1. It was the famous Civil War general William Sherman who said, "War is hell." You may not endorse his language, and you might not agree with his theology; but you must admit that Sherman was right. War is a devilish business that originates in the depths of satanic depravity.
III. God calls us to be peacemakers. Third, we need to remind ourselves that the God of peace, who wills peace, calls upon you and me as disciples of Jesus Christ to be peacemakers. We probably are familiar with Matthew 5:9 (NIV) “Blessed are the peacemakers, for they will be called sons of God.” James 3:18 (NIV) Peacemakers who sow in peace raise a harvest of righteousness.
A. "The harvest of righteousness is sewn in peace by those who make peace." However heroic and patriotic soldiers and sailors may be, war requires, as we all know, ghastly violence. War compels men to perform acts that would horrify their hearts and consciences in civilian life. War not only does that, but as I've been pointing out, war produces every kind of unrighteousness. It breathes a harvest of evil.
B. Peace, on the other hand, produces, as James teaches us in this text, a harvest of righteousness.
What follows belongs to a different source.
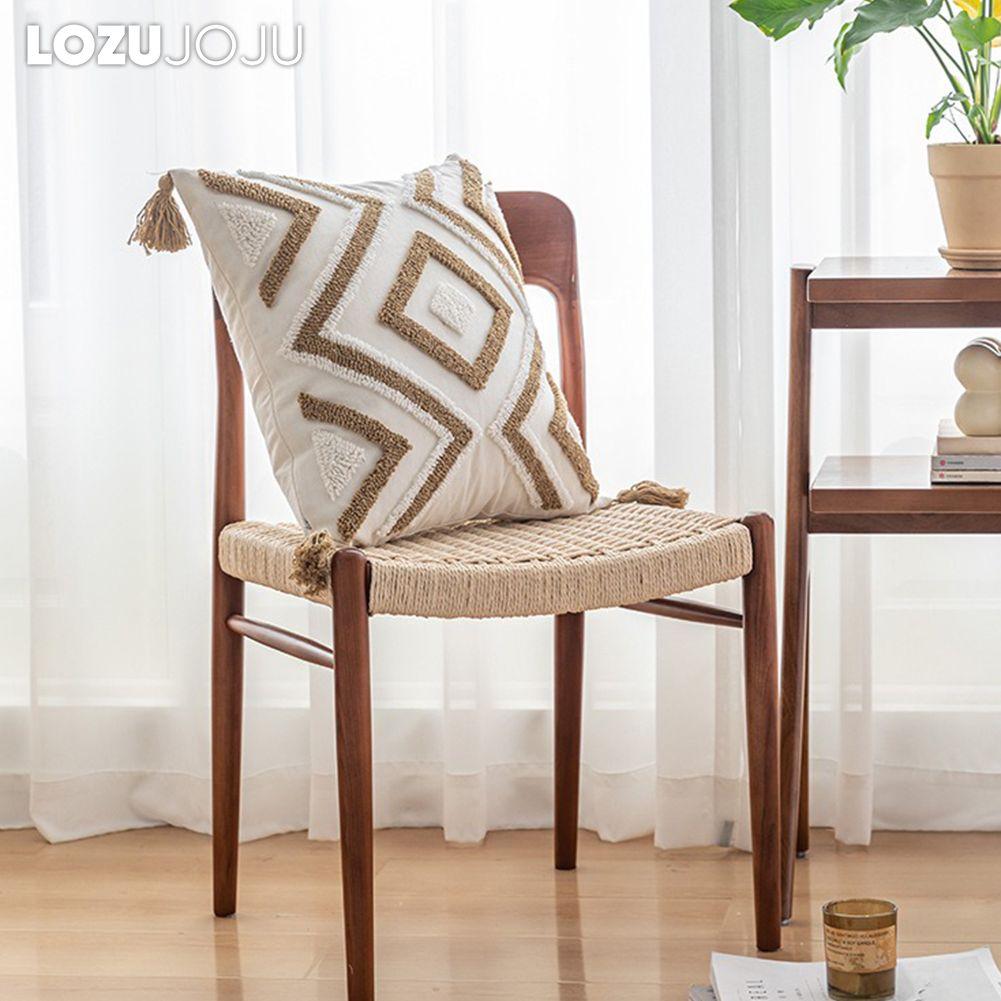 1PC LOZUJOJU Comfortable and Versatile Pillowcase Polyester Cotton Tufted Tassel Decorative Cushion Cover for Sofa Living Room Bedroom Home Decor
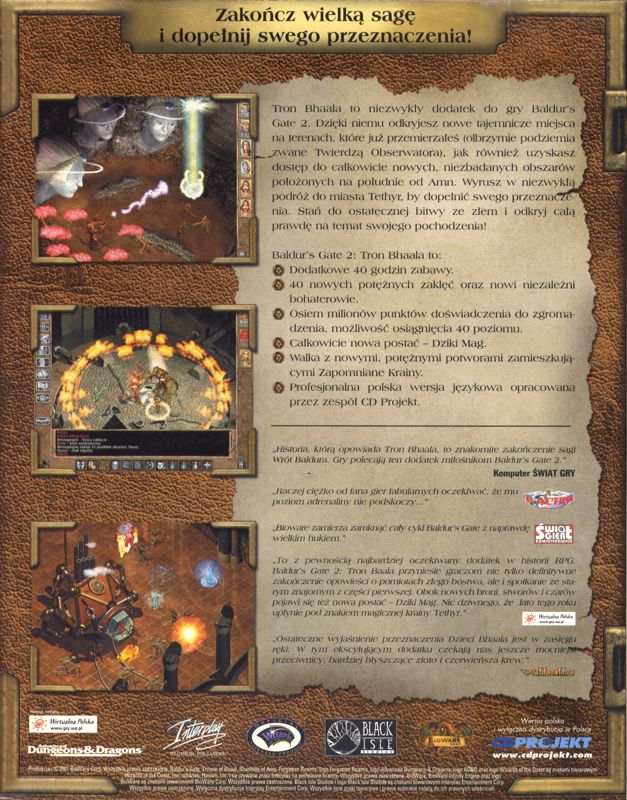 Back Cover for Baldur's Gate II: Throne of Bhaal (Windows)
According to James writing under the guidance of the Holy Spirit, peace is like a garden in which peacemakers sow acts of compassion and forgiveness and reconciliation.
C. The fruit of those peaceful acts is righteousness. According to James, then, peace is the prerequisite for the establishment of God's righteousness in the earth. In order to have righteousness, we must have peace. It's as simple as that.
D. So the God of peace summons us, you and me as disciples of Jesus Christ, to be peacemakers in our friendships, in our marriages, in our homes, in our neighborhoods, in our churches, in our places of business and work, in our country, and in our world.
E. But we need to understand that it's impossible to function as an agent of reconciliation unless you and I have first been reconciled to God by faith in the atoning death of Jesus Christ.
1. Understand it's impossible to be a peacemaker unless you and I have entered into God's peace by coming to the cross and by claiming pardon through the sacrifice of our Lord Jesus Christ.
2. When we have peace with God, His very peace is in our own hearts, we can become effective as peacemakers.
The Prayer of St. Francis of AssisiLord, make us instruments of your peace.
Where there is hatred, let us sow love;
Where there is injury, pardon;
Where there is discord, union;
Where there is doubt, faith;
Where there is despair, hope;
Where there is darkness, light;
Where there is sadness, joy;
O Divine Master, Grant that we may not so much seek
To be consoled as to console,
To be understood as to understand,
To be loved as to love.
For it is in giving that we receive;
It is in pardoning that we are pardoned;
And it is in dying that we are born to eternal life.